• Exercise data:

= = = =

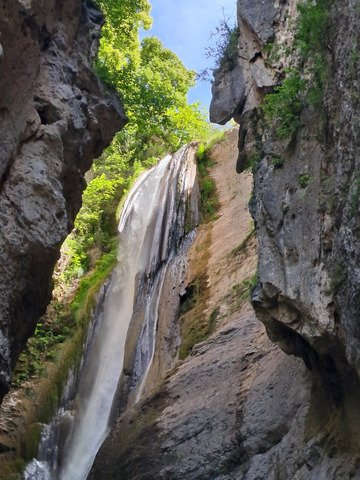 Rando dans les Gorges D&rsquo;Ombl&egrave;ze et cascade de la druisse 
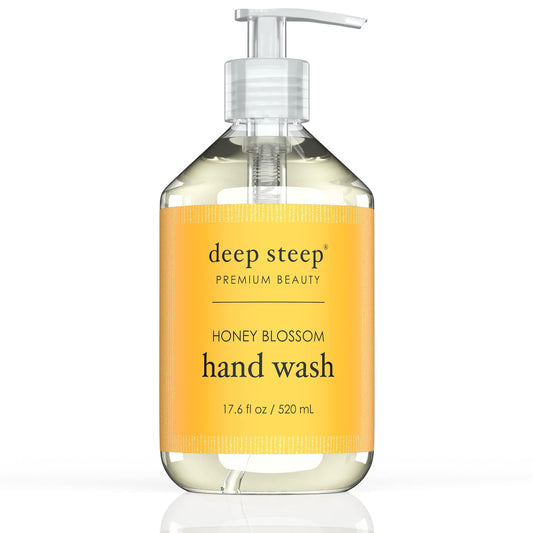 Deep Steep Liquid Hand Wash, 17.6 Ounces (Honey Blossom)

= = = =

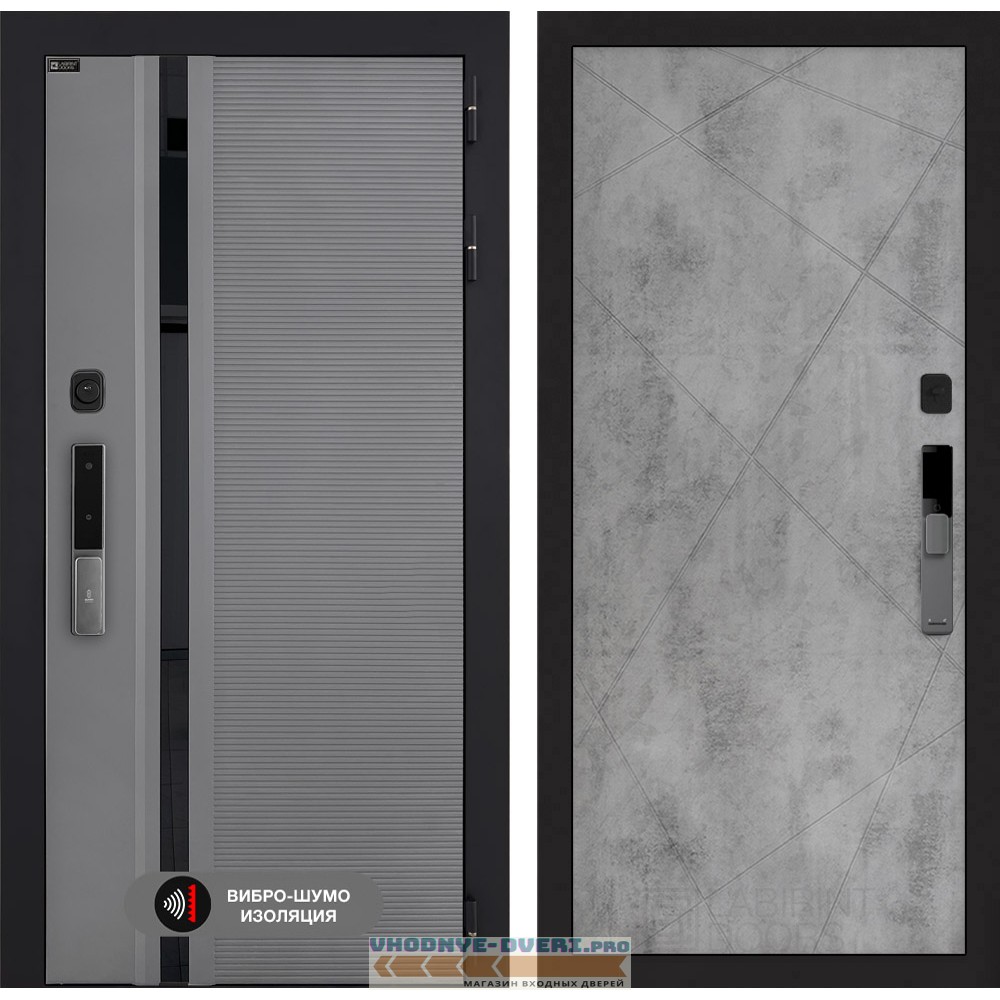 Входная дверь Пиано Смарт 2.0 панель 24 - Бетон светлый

= = = =

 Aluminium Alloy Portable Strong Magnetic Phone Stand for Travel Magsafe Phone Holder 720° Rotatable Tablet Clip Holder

= = = =

Everything from the line with "Rando dans les" through the line with "Deep Steep Liquid" in the material above should be transcribed exactly, except the pictures.

• Task output:
 Rando dans les Gorges D&rsquo;Ombl&egrave;ze et cascade de la druisse 
 Deep Steep Liquid Hand Wash, 17.6 Ounces (Honey Blossom)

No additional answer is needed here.